* Directions: With the pictures omitted, write out the entries that follow exactly as they stand.

* Provided data:
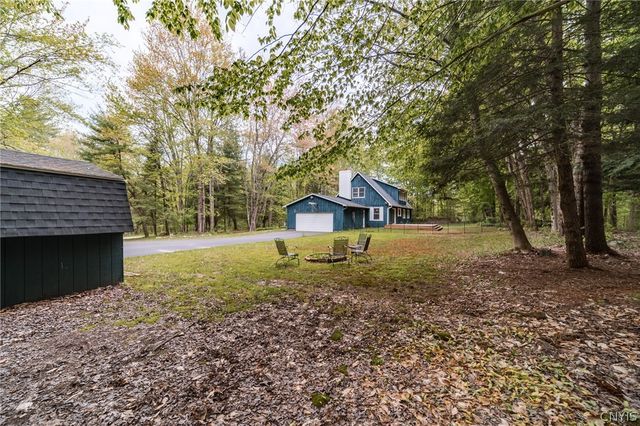 53 Pine Ridge, Hastings, NY 13036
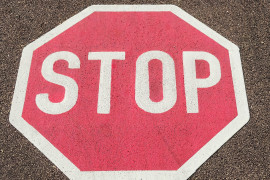 Thumbnail for 6821907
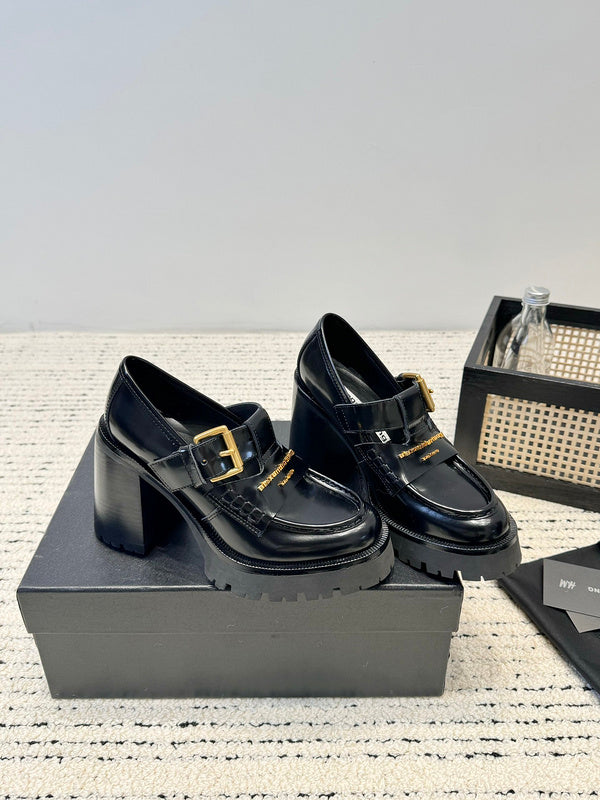 Glami - ALW Women Shoes - 590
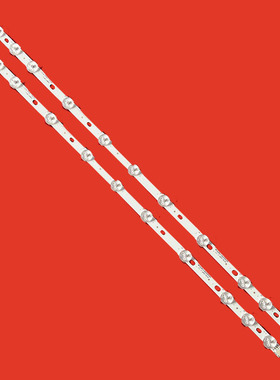 适用全新VES315WNDL-01 VES315WNDS-2D-R02 VES315WNDA-01灯条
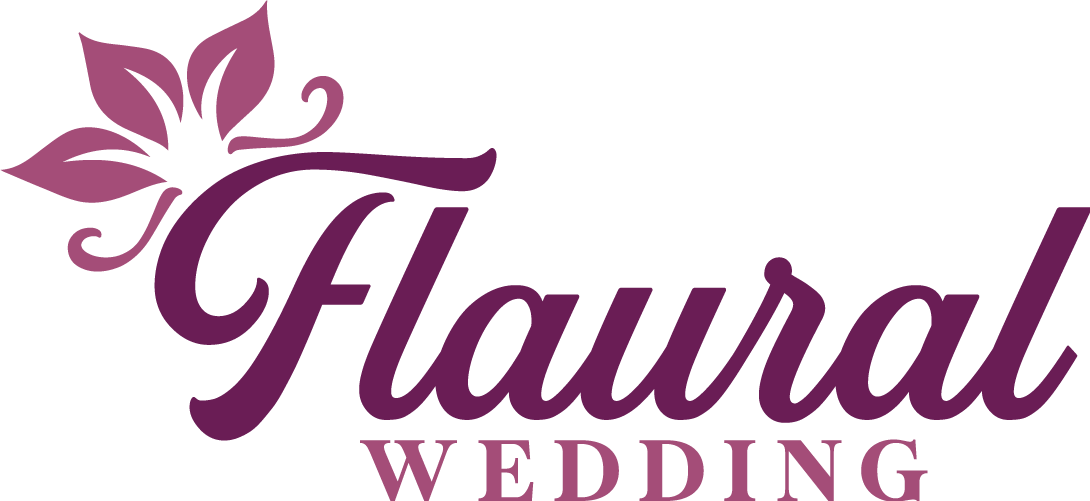 Flaural Wedding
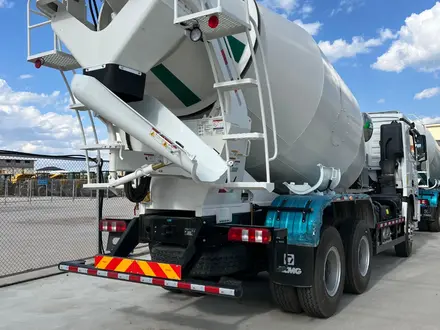 XCMG  Модель XGA3251XS310D5WC 2026 года за 40 100 000 тг. в Алматы – фото 3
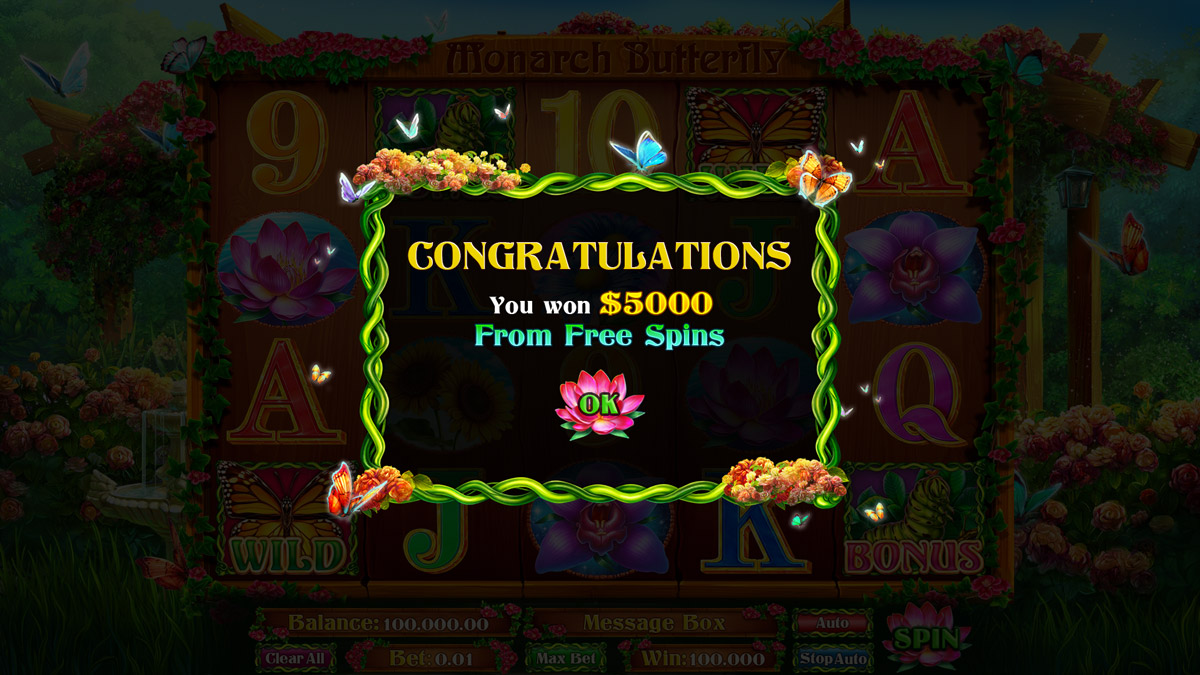 monarch_butterfly_popup-2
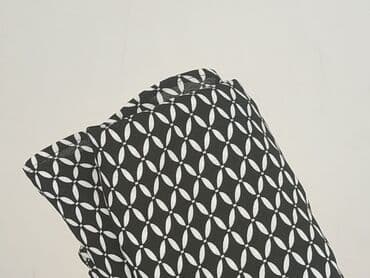 koszulka do garnituru damskiego: Esmara, Bluzka damska, M — 6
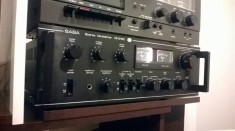Amplificator SABA VS 2160 foto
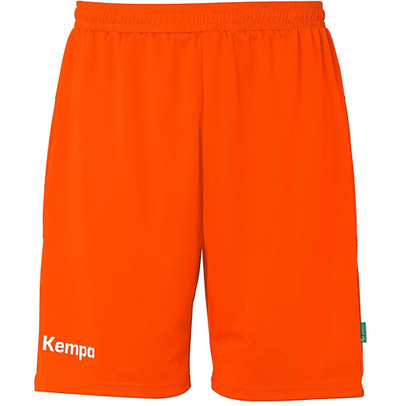 Kempa Performance Shorts Kids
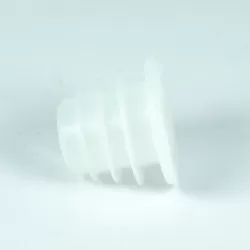 Recambio Zodiac Polaris ATV  Adaptador universal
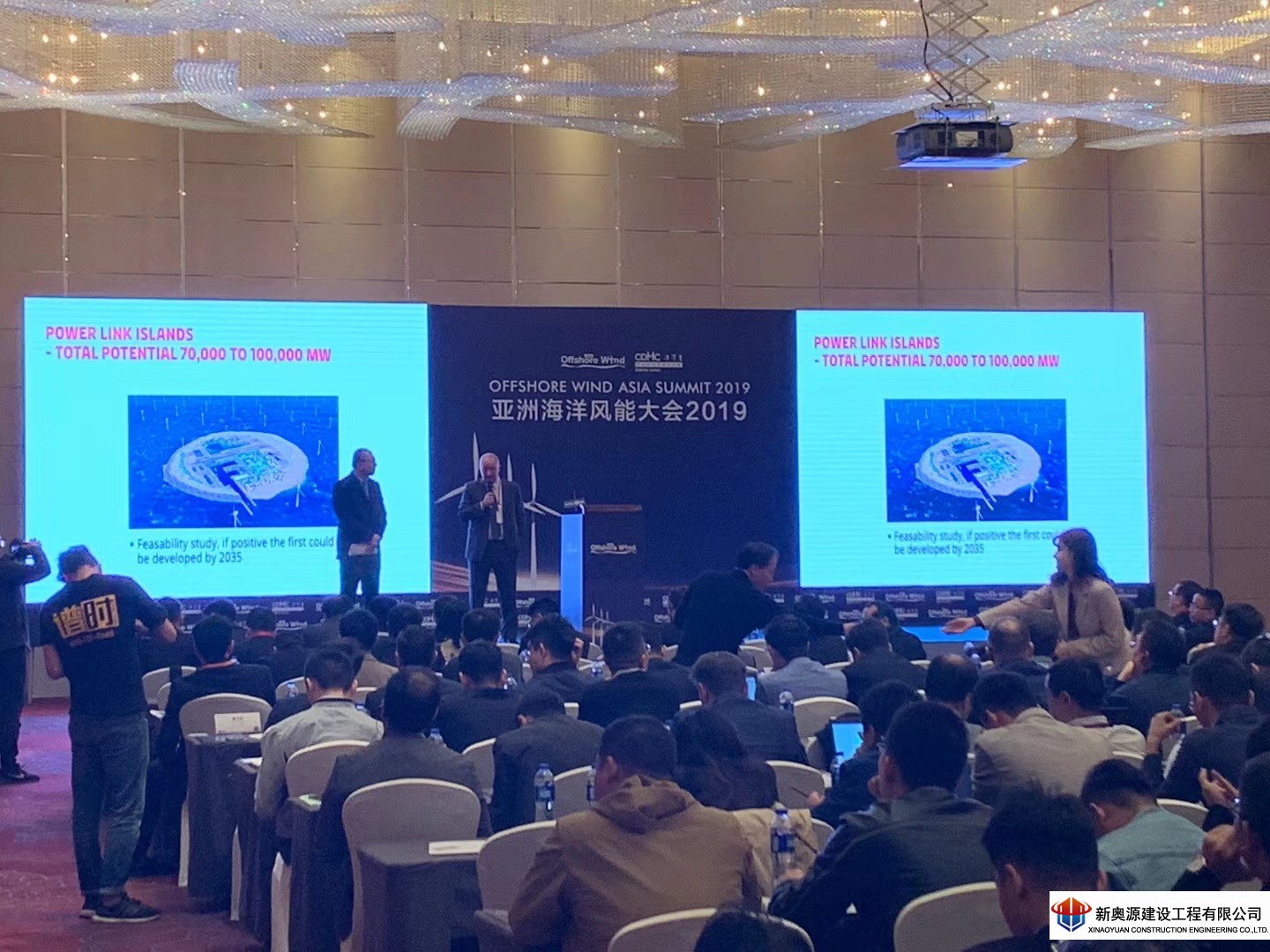 防腐保溫,橋梁防腐,線塔防腐,鐵塔防腐,高空防腐,鋼結構防腐,鋼結構防火,管道防腐,管道保溫,儲罐防腐,儲罐清洗,3pe防腐鋼管,防腐公司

* Solution to this problem:
 53 Pine Ridge, Hastings, NY 13036
 Thumbnail for 6821907
 Glami - ALW Women Shoes - 590
 适用全新VES315WNDL-01 VES315WNDS-2D-R02 VES315WNDA-01灯条
 Flaural Wedding
 XCMG  Модель XGA3251XS310D5WC 2026 года за 40 100 000 тг. в Алматы – фото 3
 monarch_butterfly_popup-2
 koszulka do garnituru damskiego: Esmara, Bluzka damska, M — 6
Amplificator SABA VS 2160 foto
 Kempa Performance Shorts Kids
 Recambio Zodiac Polaris ATV  Adaptador universal
 防腐保溫,橋梁防腐,線塔防腐,鐵塔防腐,高空防腐,鋼結構防腐,鋼結構防火,管道防腐,管道保溫,儲罐防腐,儲罐清洗,3pe防腐鋼管,防腐公司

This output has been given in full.